Data extracts START

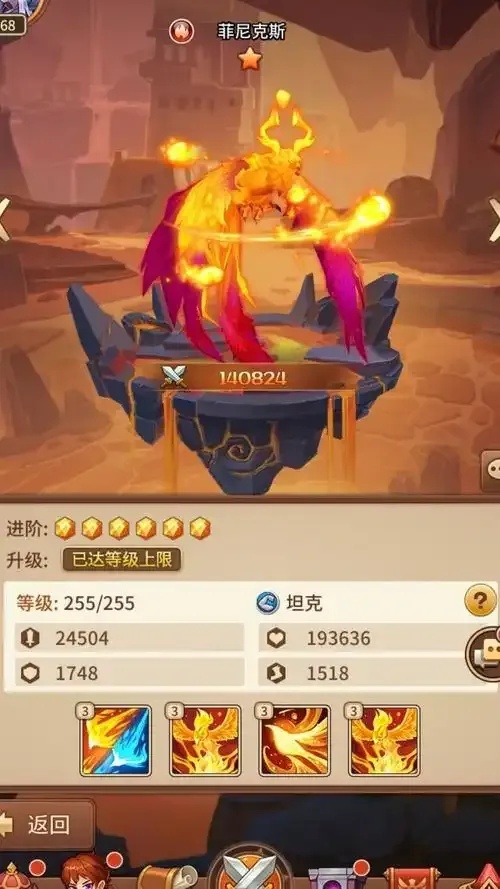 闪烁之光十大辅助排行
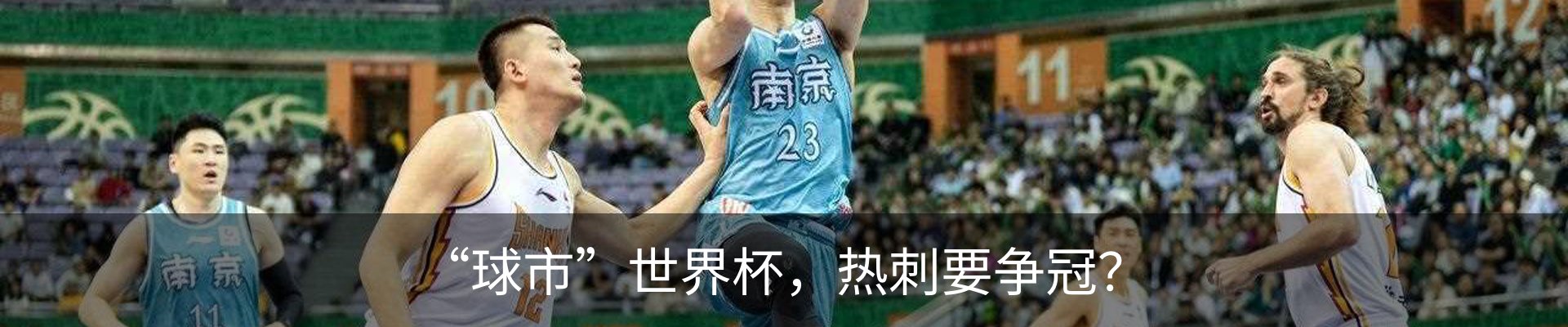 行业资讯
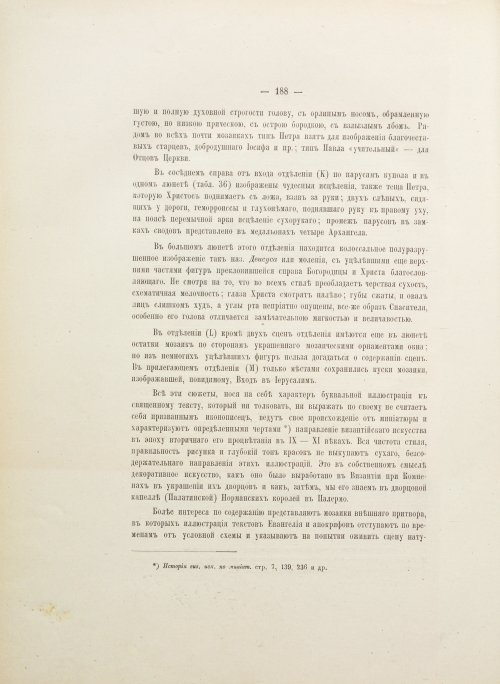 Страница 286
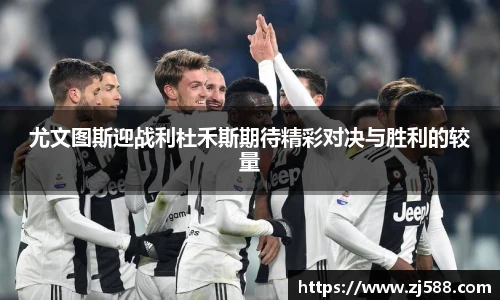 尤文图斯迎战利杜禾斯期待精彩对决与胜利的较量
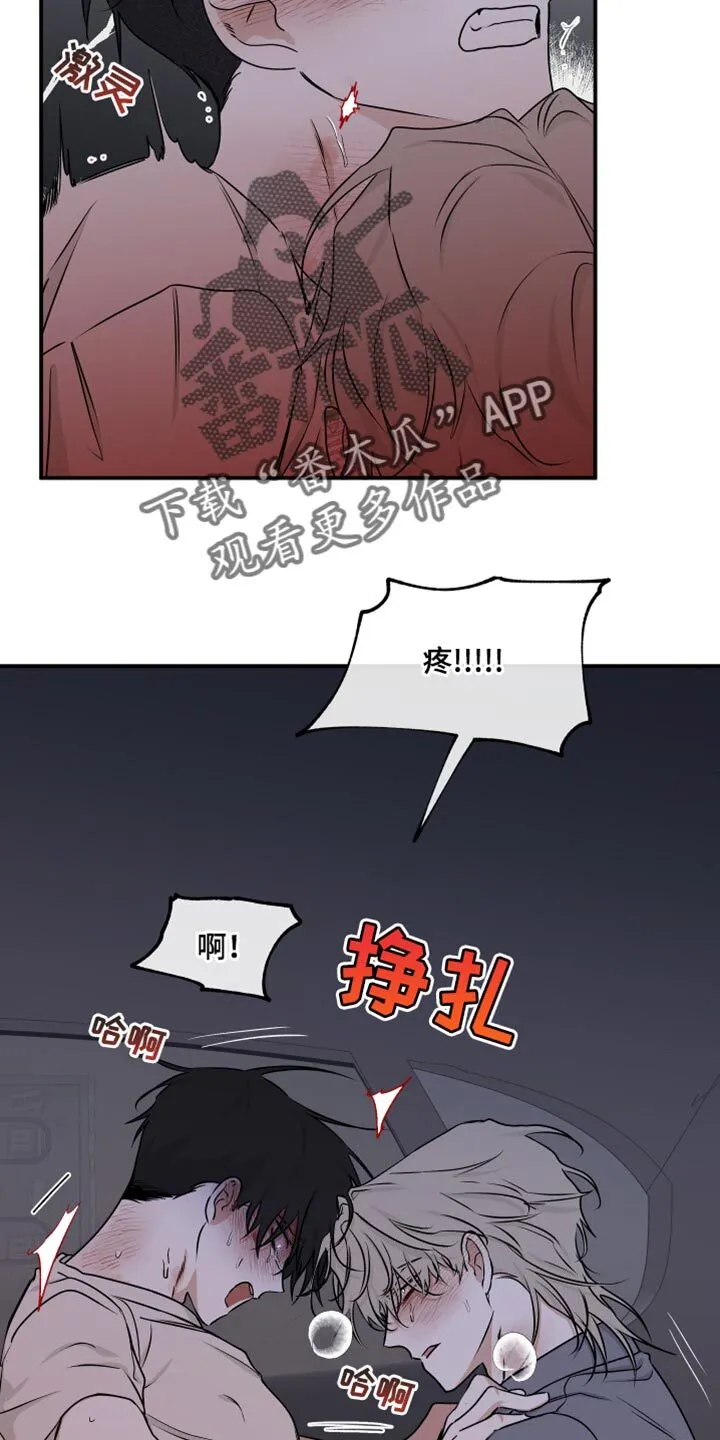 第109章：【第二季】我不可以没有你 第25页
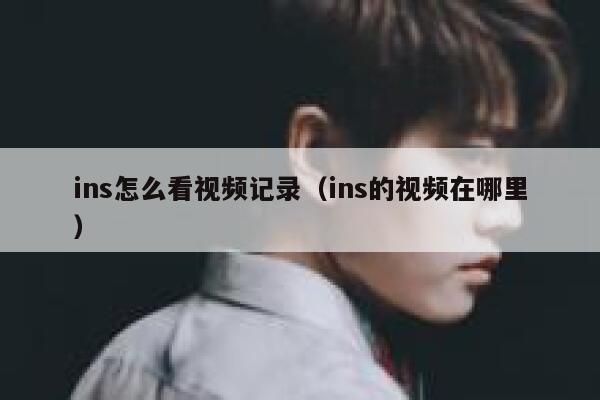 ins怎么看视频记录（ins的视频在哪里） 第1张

Data extracts END
Data extracts START

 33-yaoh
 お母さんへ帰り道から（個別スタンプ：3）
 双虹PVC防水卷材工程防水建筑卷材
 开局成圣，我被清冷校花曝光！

Data extracts END
Data extracts START

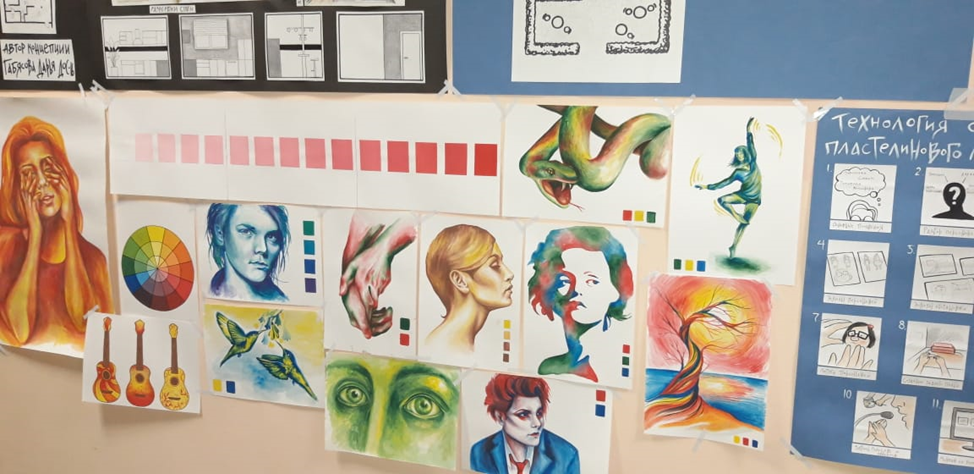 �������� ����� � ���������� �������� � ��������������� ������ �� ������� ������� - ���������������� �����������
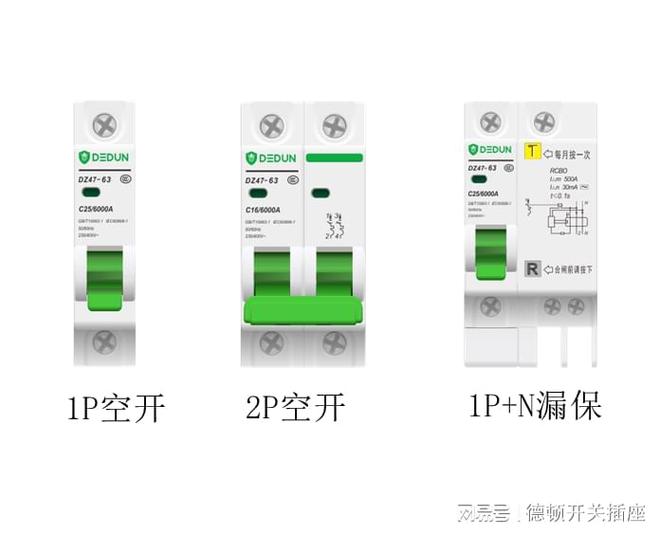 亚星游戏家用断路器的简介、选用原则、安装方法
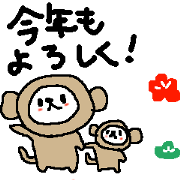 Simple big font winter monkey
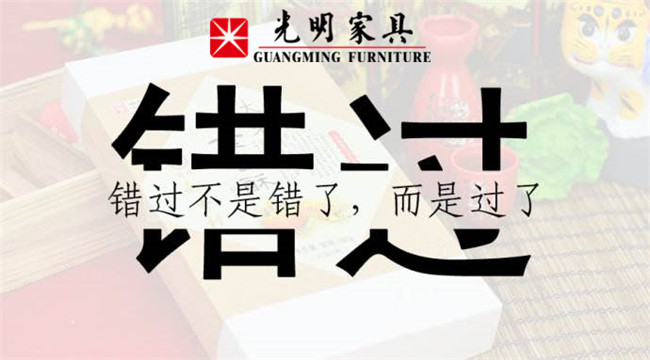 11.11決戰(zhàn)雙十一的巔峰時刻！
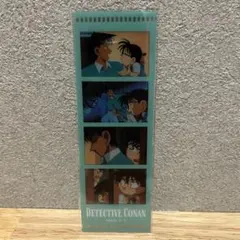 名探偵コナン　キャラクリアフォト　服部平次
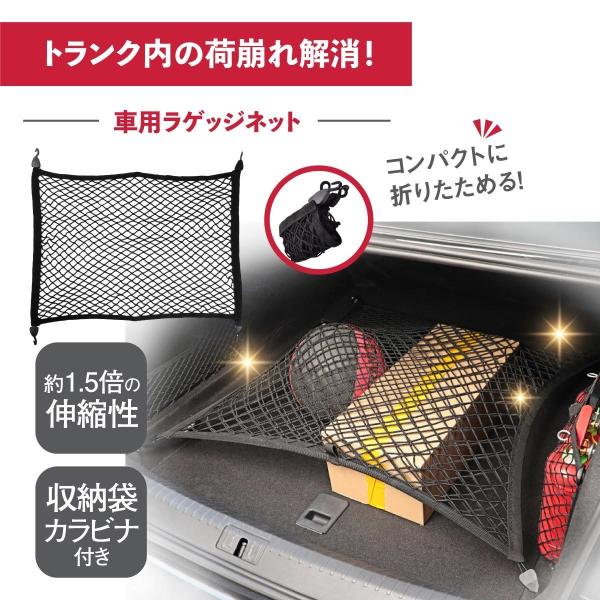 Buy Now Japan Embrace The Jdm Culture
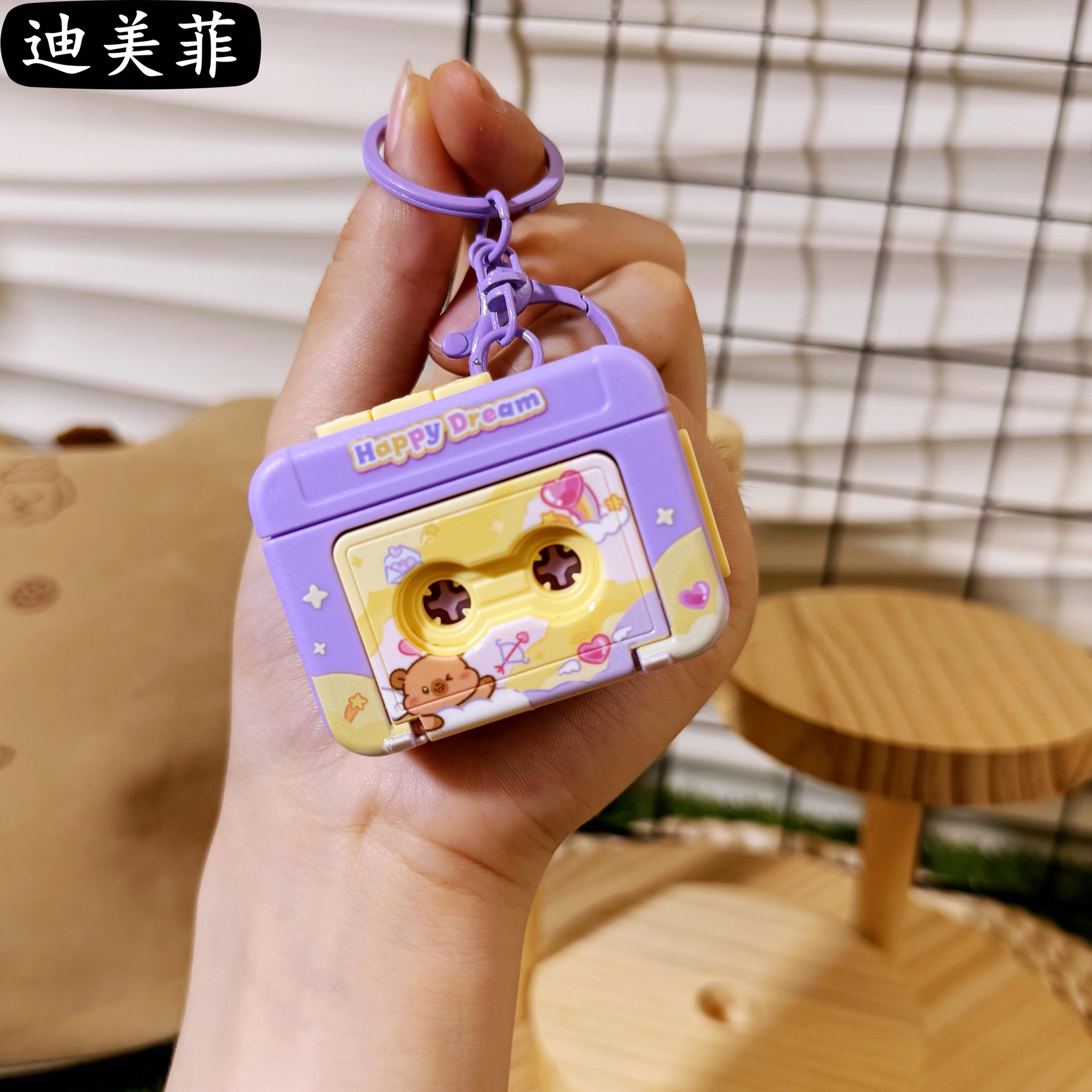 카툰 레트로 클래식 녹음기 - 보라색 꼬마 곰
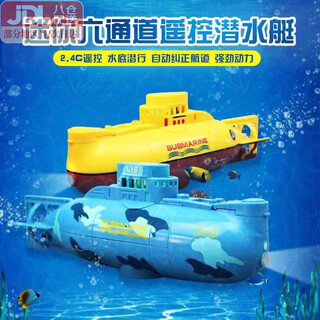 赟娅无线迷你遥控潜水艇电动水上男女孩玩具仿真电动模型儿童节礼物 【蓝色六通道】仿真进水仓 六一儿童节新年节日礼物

Data extracts END

**Task prompt:** Though the entries above contain pictures, none should be copied; reproduce only the lines between the one holding "Buy Now Japan Embrace The Jdm Culture" and the one holding "赟娅无线迷你遥控潜水艇电动水上男女孩玩具仿真电动模型儿童节礼物 【蓝色六通道】仿真进水仓 六一儿童节新年节日礼物", inclusive, exactly as written.

**Answer box:**
 Buy Now Japan Embrace The Jdm Culture
 카툰 레트로 클래식 녹음기 - 보라색 꼬마 곰
 赟娅无线迷你遥控潜水艇电动水上男女孩玩具仿真电动模型儿童节礼物 【蓝色六通道】仿真进水仓 六一儿童节新年节日礼物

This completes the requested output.